Technically Brown

TW: anti-Black sentiments, racism, colorism, anti-immigrant sentiments, suicide, brief mention of Freddie Gray

My daughter TJ and I are Hispanic. We’re light-skinned and have curly hair. TJ’s hair curls into ringlets. My curls are a bit messier. Many times we’ve been told that while it’s a shame our hair isn’t straight, we’re lucky it isn’t “bad hair”.

Growing up in Puerto Rico, I always heard people talk about “morenos” in a negative light. When I moved to NYC several cousins warned me to be wary of Black men. My totally not White grandfather used the “n” word against African-American people. He used it against Afro-Latinos. His mother was not light-skinned and she had what he called “kinky hair” but she was loved in our family. He and his mother were brown but they weren’t THAT dark so they were OK.

When I was in elementary school in PR I was made fun of because of my nose. I had a mess of curls and a big nose. To my classmates I was “negra”, clearly from the Dominican Republic. I obviously must have sneaked into the country and lied about being Puerto Rican. There was another classmate who was dark skinned. He was so bullied he contemplated suicide. We were in fourth grade.

When I took my daughter to PR to meet my family, I heard a lot of back-handed compliments about her “white” skin and light-almost-blonde hair. Such a ‘shame it’s so curly’, but thankfully she’s “tan blanquita y linda” (so white and pretty). They were shocked to learn that her father is half-Dominican. “Como puede ser si es tan blanquita y rubiona” (how can that be when she’s so white and sort of blonde”?

I thought perhaps naïvely that I wouldn’t have to talk to my five-year-old daughter about racism just yet. In a previous post I wrote about having to explain to my daughter about oppression and some of the types she faces. We had to have that conversation again when her teacher’s White “cop friend” paid a visit to her class. Having the cop visit wasn’t what bothered me. What bothered me was that he handcuffed the kids. Her class was made up of primarily children of color. This was not long after Freddie Gray’s murder in Baltimore. It just seemed like this cop was normalizing this to these kids. I was upset and TJ asked why. “But we are peach, mama.”, TJ said after I explained systemic and institutionalized racism in the most age-appropriate way I could think of. “Yes, but we’re technically Brown too”, I said not sure if any of this stuck.

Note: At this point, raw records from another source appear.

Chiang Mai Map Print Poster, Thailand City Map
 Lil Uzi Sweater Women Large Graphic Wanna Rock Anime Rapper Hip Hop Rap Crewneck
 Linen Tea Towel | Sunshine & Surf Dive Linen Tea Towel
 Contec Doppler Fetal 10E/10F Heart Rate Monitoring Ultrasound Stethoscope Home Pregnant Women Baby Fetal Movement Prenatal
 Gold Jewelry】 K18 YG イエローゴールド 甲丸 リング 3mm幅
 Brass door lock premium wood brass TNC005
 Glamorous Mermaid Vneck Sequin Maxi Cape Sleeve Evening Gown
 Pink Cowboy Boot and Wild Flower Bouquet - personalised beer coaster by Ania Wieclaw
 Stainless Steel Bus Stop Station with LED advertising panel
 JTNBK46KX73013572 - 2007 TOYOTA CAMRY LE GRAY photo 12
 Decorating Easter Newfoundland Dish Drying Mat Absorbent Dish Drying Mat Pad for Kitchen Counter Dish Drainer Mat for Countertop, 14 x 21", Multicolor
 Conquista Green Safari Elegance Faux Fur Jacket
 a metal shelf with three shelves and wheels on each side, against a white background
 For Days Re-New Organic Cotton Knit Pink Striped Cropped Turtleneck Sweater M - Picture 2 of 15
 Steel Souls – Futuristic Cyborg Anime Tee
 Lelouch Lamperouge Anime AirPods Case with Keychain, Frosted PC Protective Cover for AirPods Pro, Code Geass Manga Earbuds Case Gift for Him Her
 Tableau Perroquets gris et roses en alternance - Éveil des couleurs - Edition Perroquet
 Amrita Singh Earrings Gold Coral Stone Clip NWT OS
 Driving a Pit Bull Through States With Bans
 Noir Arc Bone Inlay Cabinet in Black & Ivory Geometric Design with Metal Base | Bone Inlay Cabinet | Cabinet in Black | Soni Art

Once again, these will be ongoing conversations which will be expanded as she gets older and better able to understand. She’s only five yet she’s already had to learn about sexism, racism, misogyny, and classism. She’s already experienced them and will continue experiencing them.

I feel so powerless. All I can do is continue talking to her and make sure I arm her as best I can with the knowledge and self-esteem to know she isn’t limited by her gender, race or social status. All I can do is hope that as she gets older that previous sentence becomes true.